Author | : James R. Liddle |
Publisher | : Oxford University Press, USA |
Total Pages | : 399 |
Release | : 2021 |
Genre | : Psychology |
ISBN | : 0199397740 |
Download The Oxford Handbook of Evolutionary Psychology and Religion Book in PDF, ePub and Kindle
Résumé : This handbook is currently in development, with individual articles publishing online in advance of print publication. At this time, we cannot add information about unpublished articles in this handbook, however the table of contents will continue to grow as additional articles pass through the review process and are added to the site. Please note that the online publication date for this handbook is the date that the first article in the title was published online. For more information, please read the site FAQs.
Author | : Konrad Szocik |
Publisher | : Springer Nature |
Total Pages | : 130 |
Release | : 2021-01-12 |
Genre | : Philosophy |
ISBN | : 3030635163 |
Download Revising Cognitive and Evolutionary Science of Religion Book in PDF, ePub and Kindle
This unique and pioneering book critically appraises current work from both the cognitive science of religion and the evolutionary study of religion. It addresses the question: Why does the believer possess supernatural or religious beliefs in the combined context of his cognitive biases, their adaptive usefulness measured in terms of survival and reproduction, and the impact of social learning and cultural traits?
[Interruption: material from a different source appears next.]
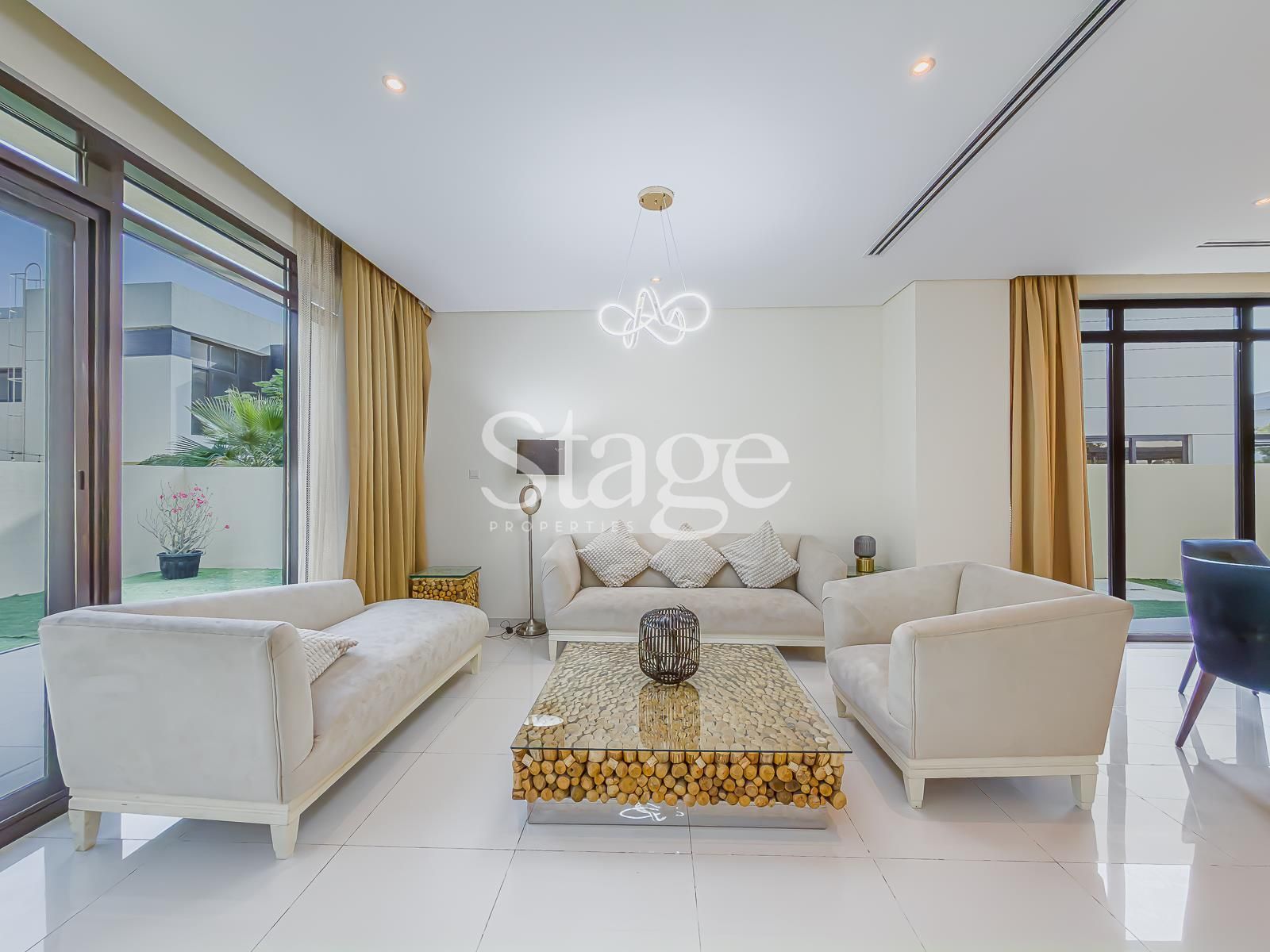 3 bedrooms Twin Villas for Rent in DAMAC Hills, Dubai VI8941L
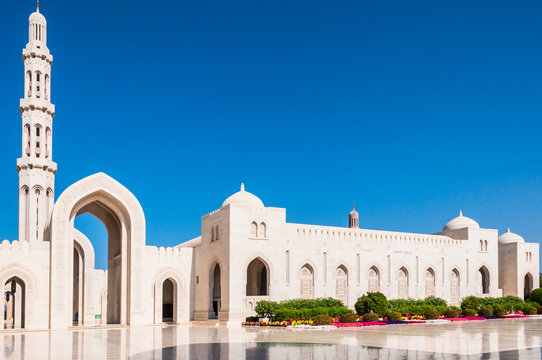 View of courtyard of Sultan Qaboos Mosque, Muscat,Oman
The authors outlines a pluralistic approach to the study of religion that does not treat religion as an accidental by-product but an adaptation selected by natural selection. Chapters discuss the role of religious components for the evolution of cooperation and altruism, and explore the development of atheism and secular ideas, in cognitive and evolutionary terms. Topics such as the usefulness of religion, the transmission of religious beliefs, and a Darwinian approach to religion are among those addressed. Contrary to standard views, religious biases are regarded as shaped by cultural influences and not merely by natural dispositions. This monograph will particularly appeal to researchers who are looking for a scientific explanation of religion and religious beliefs but who do not stop at the level of narrow cognitive and evolutionary accounts. The work will also be of interest to students of philosophy, sociology, religious studies, theology, or anthropology who seek to explain such fascinating, complex, and unequivocal phenomena as religion and religious components.